Speeding in urban South East Asia: Results from a multi-site observational study
Submission Date: May 11, 2017 Journal
Suggested Citation: Bachani, A. M., Zia, N., Hung, Y. W., Adetunji, R., Cuong, P. V., Faried, A., Jiwattanakulpaisarn, P. & Hyder, A. A. (2017). Speeding in urban South East Asia: Results from a multi-site observational study. Journal of the Australasian College of Road Safety, 28(2), 27-35.
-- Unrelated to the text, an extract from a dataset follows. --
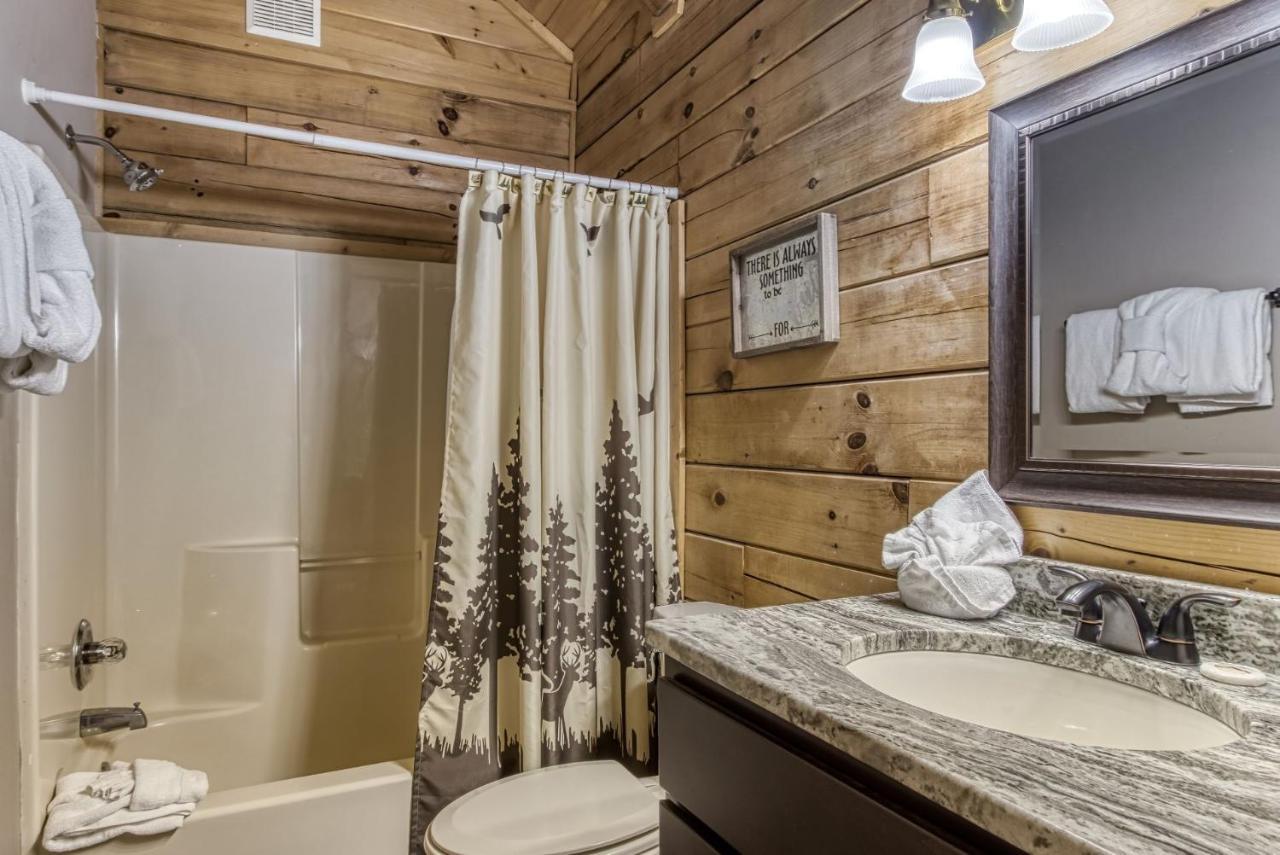 Cuddlin' Up, Er209 - Luxury At Its Finest And Location That Can't Be Beat! Holiday home Pigeon Forge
Speed is an important risk factor for road traffic crashes. We studied the prevalence of speeding in three major cities in Southeast Asia (Bandung, Bangkok and Ho Chi Minh City-HCMC), and factors associated with it. The study was conducted between July 2015-September 2016 using a standardized protocol and data collection tool. Observation locations were selected through systematic sampling. Speed was measured using a microwave radar gun on weekdays and weekends, and 5 times during each day. Descriptive and logistic regression analysis was done separately for each city. 623,744 vehicles were observed (Bangkok:61.8%; Bandung:36.0% and HCMC:2.2%). 21.8% vehicles were found to be speeding across the three cities. The prevalence of speeding was 7.8% in Bandung, 30.7% in Bangkok, and 1.9% in HCMC. When adjusted for other variables, compared to motorcycles, SUVs were more likely to be speeding in Bandung (aOR:1.97); large trucks (aOR:7.69) in Bangkok; and light trucks in HCMC (aOR:2.39). In Bandung, speeding was mostly observed in the peri-urban parts of the city (94.5%). Speed was likely to be highest during non-peak hours of the day in HCMC (aOR:3.08). High prevalence of speeding was observed in the three cities, making this an important risk factor for road safety in urban Southeast Asia. Findings, especially with regards to variations by vehicle type, times of day, days of week, and types of roads would be useful for city governments and traffic police to better plan strategies to improve road safety in these cities.